PROVIDED DATA -
******************************
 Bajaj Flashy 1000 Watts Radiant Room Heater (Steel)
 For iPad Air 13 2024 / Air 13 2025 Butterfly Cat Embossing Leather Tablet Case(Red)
******************************
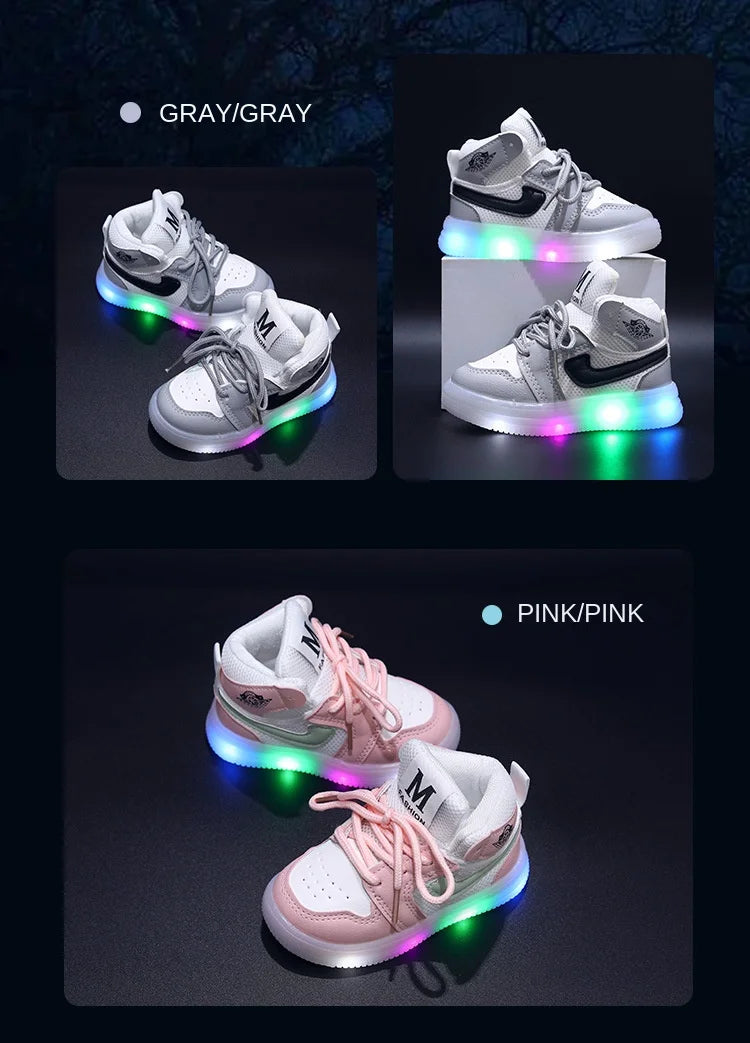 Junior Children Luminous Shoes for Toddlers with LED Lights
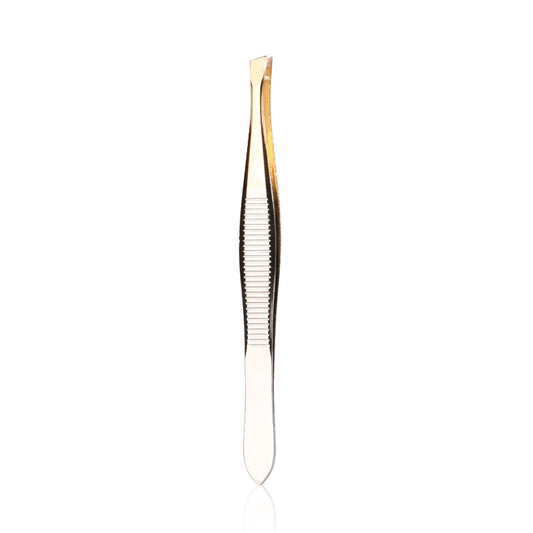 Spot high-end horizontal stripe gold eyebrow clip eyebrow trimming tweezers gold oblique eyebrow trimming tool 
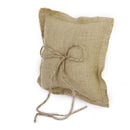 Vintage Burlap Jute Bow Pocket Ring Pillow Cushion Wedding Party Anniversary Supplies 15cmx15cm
******************************
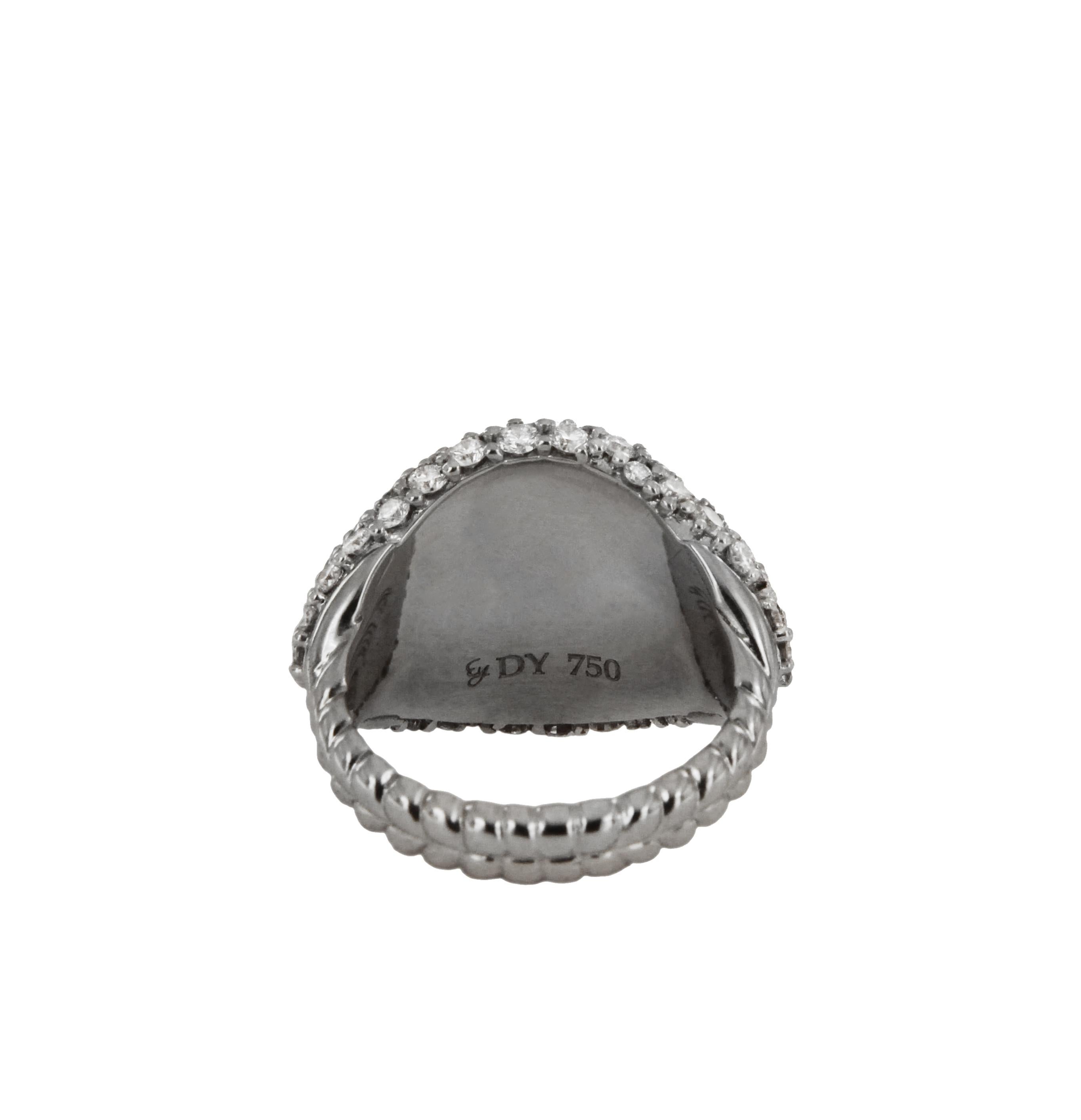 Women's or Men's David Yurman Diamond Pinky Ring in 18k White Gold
******************************
WHAT YOU WILL DO - Go to the line with "Bajaj Flashy 1000" in the entries above and repeat every line from there through the line with "For iPad Air", exactly and with no other text.

TASK ANSWER -
 Bajaj Flashy 1000 Watts Radiant Room Heater (Steel)
 For iPad Air 13 2024 / Air 13 2025 Butterfly Cat Embossing Leather Tablet Case(Red)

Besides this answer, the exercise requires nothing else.